# Moving basement into One car stall of two car garage...



## schu777 (Feb 2, 2012)

My workshop is currently in the basement and my thoughts with 4 young kids is to move my shop into the one stall of the 2 car garage. The goal is to keep parking the mini-van in the one spot and allow people to get into the van on the passenger side without having to back the van out. I've briefly Googled for ideas of this type of a move, but haven't found anything at this point. I figured this site I've used before and like seeing others progress on different projects. So I'm going to post pictures and my long progress of moving my shop to the garage.

I've got a few things to figure out prior to moving the shop.

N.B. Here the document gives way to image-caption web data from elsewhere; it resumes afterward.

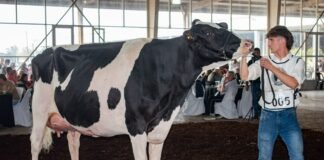 El preparador sanfrancisqueño de vacas lecheras que representará a Latinoamérica en Europa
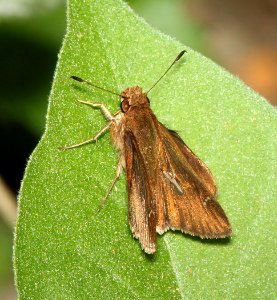 SKIPPER, CLOUDED (Lerema accius) (3-7-12) national butterfly center, mission, tx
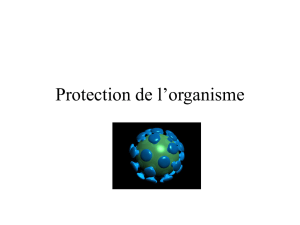 Protection de l`organisme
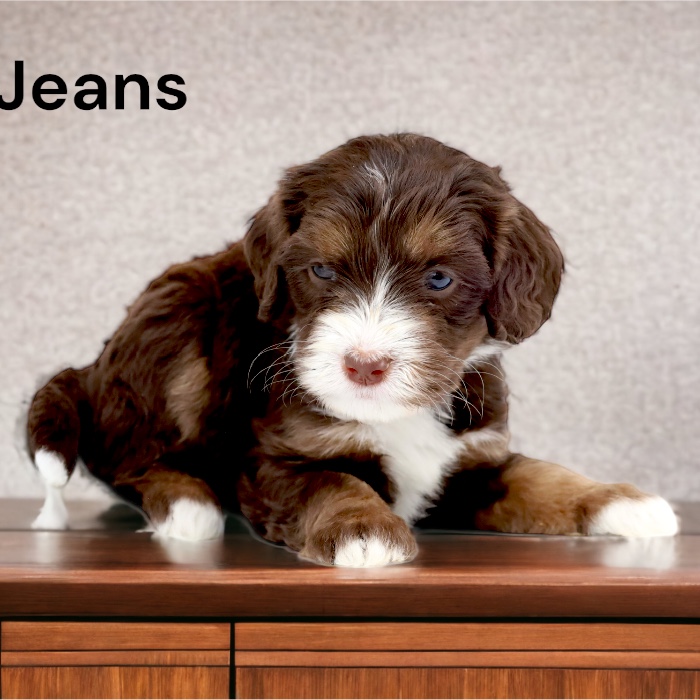 ​Rocky Mountain Bernedoodles Montrose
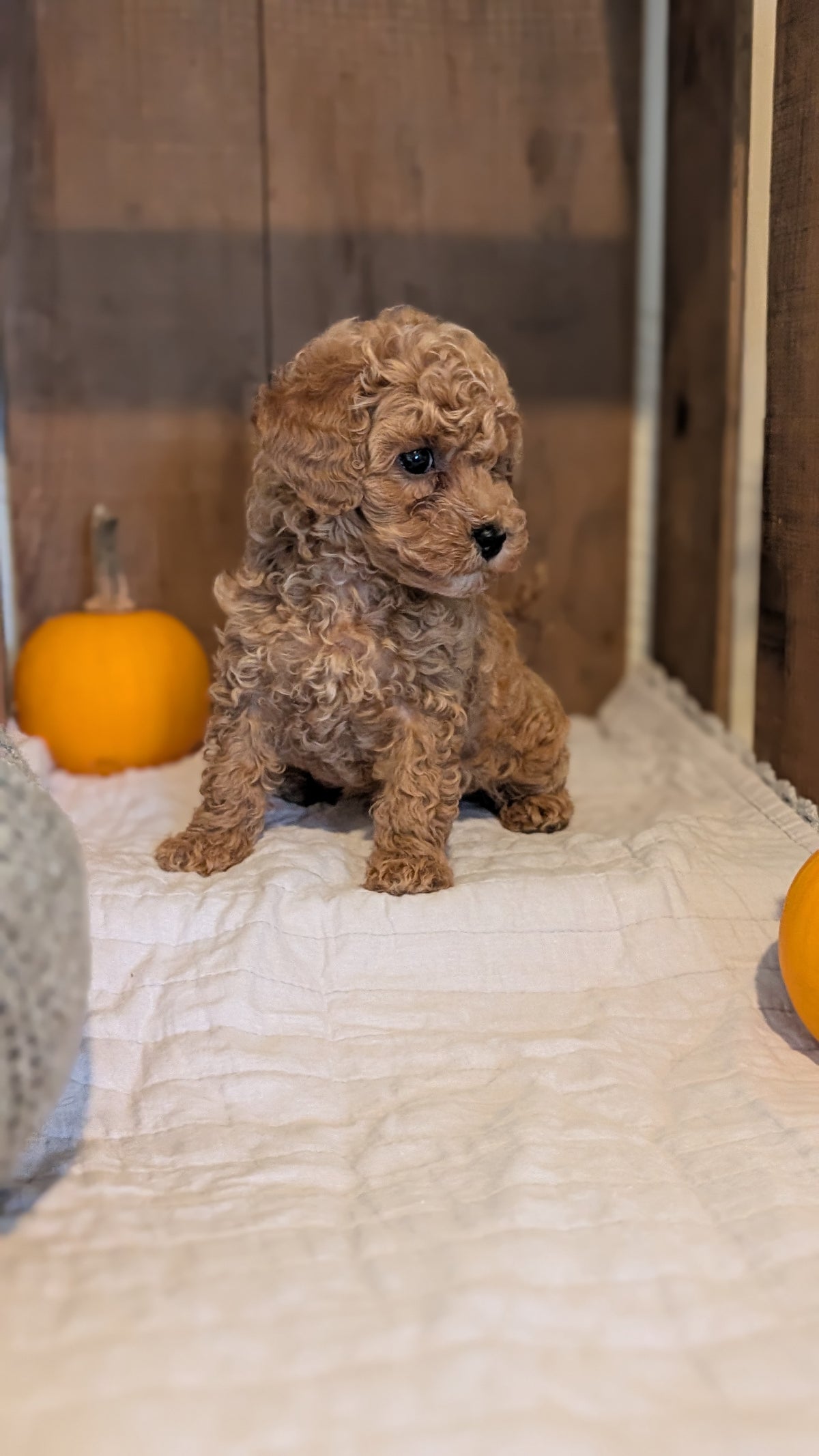 MINI POODLE (AUG 06) 5 FEMALES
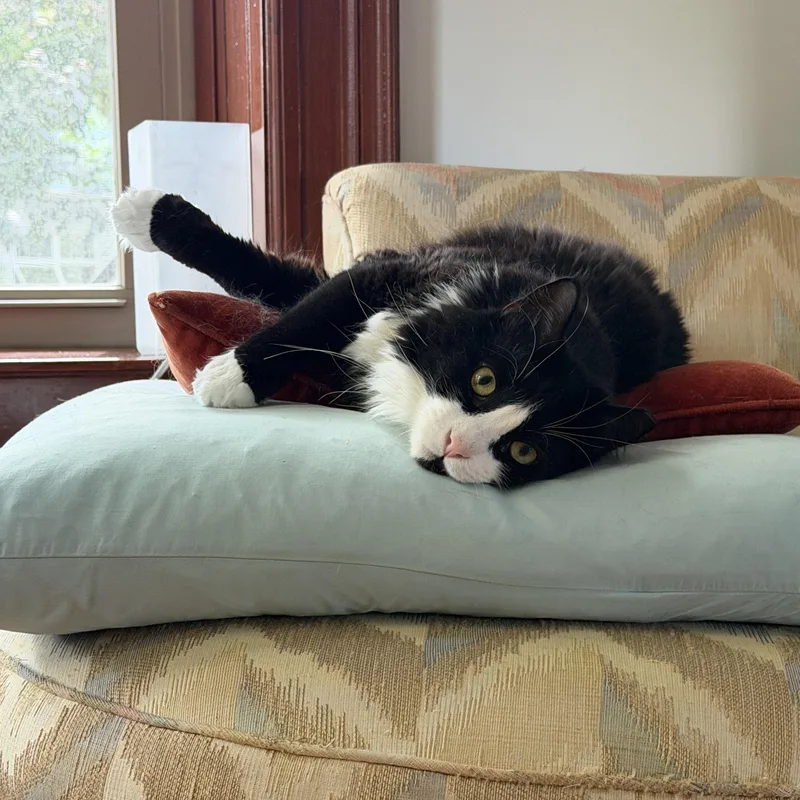 An adult medium-sized male Black & White / Tuxedo Domestic Long Hair cat named Arthur The Reluctant Royal for adoption in Stamford, CT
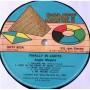 Картинка  Виниловые пластинки  Augie Meyers – Finally In Lights / SNTF 803 в  Vinyl Play магазин LP и CD   06960 4 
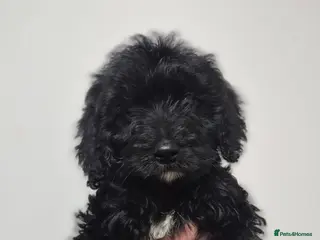 Cockapoo dogs Toy Cockapoos - Advert 15
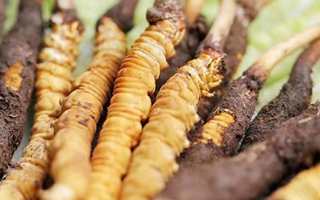 探秘冬蟲(chóng)夏草鮮草的優(yōu)質(zhì)產(chǎn)地：哪里的才是上佳之選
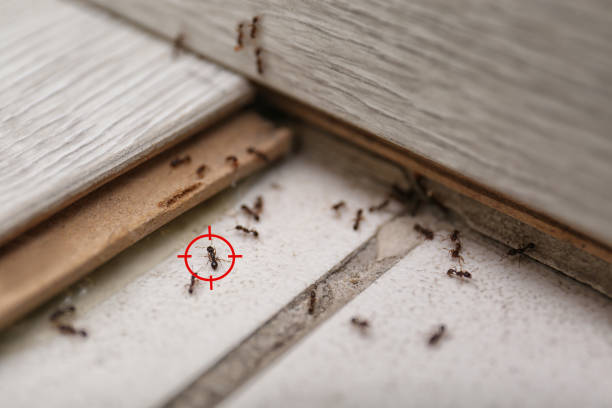 Best Affordable Pest Control Services  in Youngsville, LA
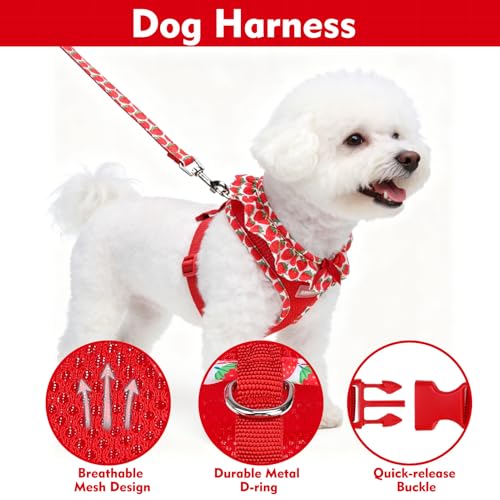 EXPAWLORER Cute Dog Harness Collar Leash Set - Red Girl Dog Harness Checkered Step-in Design, Adjustable No-Choke Lightwei...
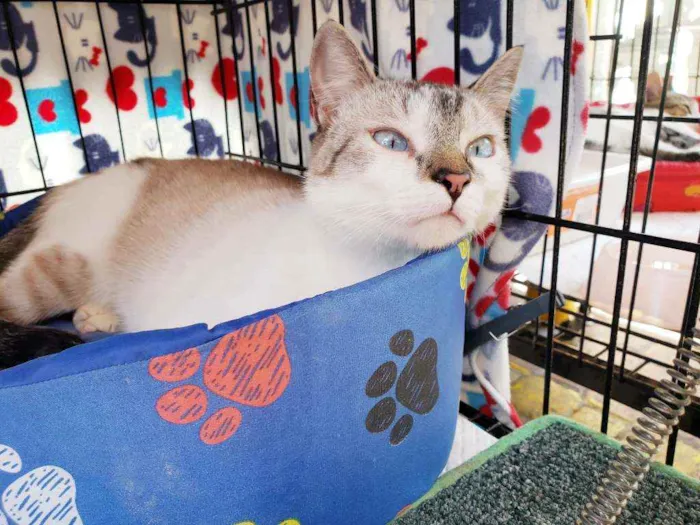 Gato raça Srd  idade 2 a 6 meses nome Bernardo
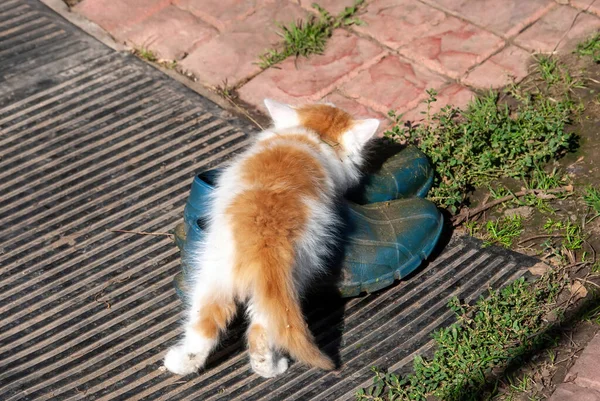 Blanco Con Manchas Rojas Gatito Pueblo Verano — Foto de Stock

1) Cost of moving the sub-panel from the basement (where the main panel exists) out to the garage. Last measurement was around 110' of cable would be needed, but would like to have more just for comfort.

2) What to do with all the bikes and other junk that is in the spot where the shop would be located.

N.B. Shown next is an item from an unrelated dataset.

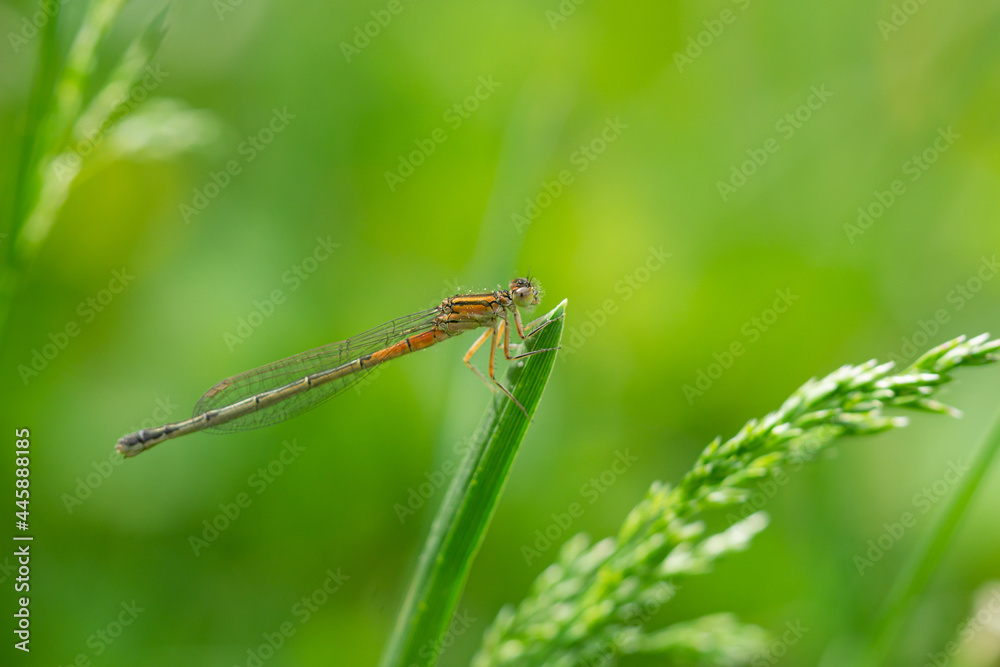 Eastern Forktail on Leaf in Springtime Eastern Forktail on Leaf in Springtime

3) Layout of the one car garage of my tools. My goal is to keep the tools where the passenger can still get in and kids can get in the sliding passenger side door. The power tools are a Delta Table saw (5 feet wide), 8-inch jointer Grizzly model, Delta 14" Bandsaw, 6'x22" bench (currently building), Small wood lathe, Bench Drill press on wheels, Chop saw and a portable thickness planner.

I know that I'll have to layout on paper the size of the garage and get the tools sized on paper and move it around till I see the best arrangement.

If you have tips or suggestions, let me know.

Michale


----------



## bbasiaga (Dec 8, 2012)

Put everything on a mobile base.

Brian


----------



## Rentvent (Jan 28, 2016)

I've been working on doing the same. I haven't finished but..

There's room on the "shop" side for the passenger side car door to be opened

Everything is on wheels

Eventually I will get a real bandsaw and it will go on the same wall as the drill press.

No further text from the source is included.